2016-11-02 Thread Roopa Prabhu 
On 10/31/16, 5:37 PM, Thomas Graf wrote:
> Register two new BPF prog types BPF_PROG_TYPE_LWT_IN and
> BPF_PROG_TYPE_LWT_OUT which are invoked if a route contains a
> LWT redirection of type LWTUNNEL_ENCAP_BPF.
>
> The separate program types are required because manipulation of
> packet data is only allowed on the output and transmit path as
> the subsequent dst_input() call path assumes an IP header
> validated by ip_rcv().
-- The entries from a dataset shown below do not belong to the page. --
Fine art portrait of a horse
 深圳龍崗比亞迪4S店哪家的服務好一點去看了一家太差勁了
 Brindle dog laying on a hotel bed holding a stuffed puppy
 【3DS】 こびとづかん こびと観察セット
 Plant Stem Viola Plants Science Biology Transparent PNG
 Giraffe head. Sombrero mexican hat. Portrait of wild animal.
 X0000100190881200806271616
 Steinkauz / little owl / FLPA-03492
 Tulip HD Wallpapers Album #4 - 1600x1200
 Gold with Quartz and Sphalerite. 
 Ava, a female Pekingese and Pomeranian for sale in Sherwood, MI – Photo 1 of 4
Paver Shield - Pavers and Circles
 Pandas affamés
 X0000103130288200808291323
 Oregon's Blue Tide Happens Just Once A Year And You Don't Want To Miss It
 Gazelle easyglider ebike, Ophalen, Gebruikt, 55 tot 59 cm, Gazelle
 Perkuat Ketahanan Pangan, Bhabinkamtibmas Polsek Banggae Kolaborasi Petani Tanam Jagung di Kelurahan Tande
The BPF programs will be handed an skb
> with the L3 header attached and may return one of the following
> return codes:
>
>  BPF_OK - Continue routing as per nexthop
>  BPF_DROP - Drop skb and return EPERM
>  BPF_REDIRECT - Redirect skb to device as per redirect() helper.
> (Only valid on lwtunnel_xmit() hook)
>
> The return codes are binary compatible with their TC_ACT_
> relatives to ease compatibility.
>
> A new helper bpf_skb_push() is added which allows to preprend an
> L2 header in front of the skb, extend the existing L3 header, or
> both. This allows to address a wide range of issues:
>  - Optimize L2 header construction when L2 information is always
>static to avoid ARP/NDisc lookup.
>  - Extend IP header to add additional IP options.
>  - Perform simple encapsulation where offload is of no concern.
>(The existing funtionality to attach a tunnel key to the skb
> and redirect to a tunnel net_device to allow for offload
> continues to work obviously).
>
> Signed-off-by: Thomas Graf 
> ---
>  
[snip]
> diff --git a/net/Kconfig b/net/Kconfig
> index 7b6cd34..7554f12 100644
> --- a/net/Kconfig
> +++ b/net/Kconfig
> @@ -396,6 +396,7 @@ source "net/nfc/Kconfig"
>  
>  config LWTUNNEL
>   bool "Network light weight tunnels"
> + depends on IPV6 || IPV6=n
>   ---help---
> This feature provides an infrastructure to support light weight
> tunnels like mpls. There is no netdevice associated with a light
> diff --git a/net/core/Makefile b/net/core/Makefile
> index d6508c2..a675fd3 100644
> --- a/net/core/Makefile
> +++ b/net/core/Makefile
> @@ -23,7 +23,7 @@ obj-$(CONFIG_NETWORK_PHY_TIMESTAMPING) += timestamping.o
>  obj-$(CONFIG_NET_PTP_CLASSIFY) += ptp_classifier.o
>  obj-$(CONFIG_CGROUP_NET_PRIO) += netprio_cgroup.o
>  obj-$(CONFIG_CGROUP_NET_CLASSID) += netclassid_cgroup.o
> -obj-$(CONFIG_LWTUNNEL) += lwtunnel.o
> +obj-$(CONFIG_LWTUNNEL) += lwtunnel.o lwt_bpf.o

Any reason you want to keep lwt bpf under the main CONFIG_LWTUNNEL infra config 
?.
since it is defined as yet another plug-gable encap function, seems like it 
will be better under a separate
CONFIG_LWTUNNEL_BPF or CONFIG_LWT_BPF that depends on CONFIG_LWTUNNEL

Re: [PATCH net-next v2 3/5] bpf: BPF for lightweight tunnel encapsulation

2016-11-01 Thread Thomas Graf 
On 1 November 2016 at 13:11, David Ahern  wrote:
> On 10/31/16 6:37 PM, Thomas Graf wrote:
>>  - Perform simple encapsulation where offload is of no concern.
>>(The existing funtionality to attach a tunnel key to the skb
>> and redirect to a tunnel net_device to allow for offload
>> continues to work obviously).
>
> have you tested the adding of headers with large packets hitting gso and 
> fragmentation? Wondering if mtu is used properly when headers are added and 
> the lwt->headroom is not accounted. See 
> 14972cbd34ff668c390cbd2e6497323484c9e812

Thanks for the pointer David, I will look into this.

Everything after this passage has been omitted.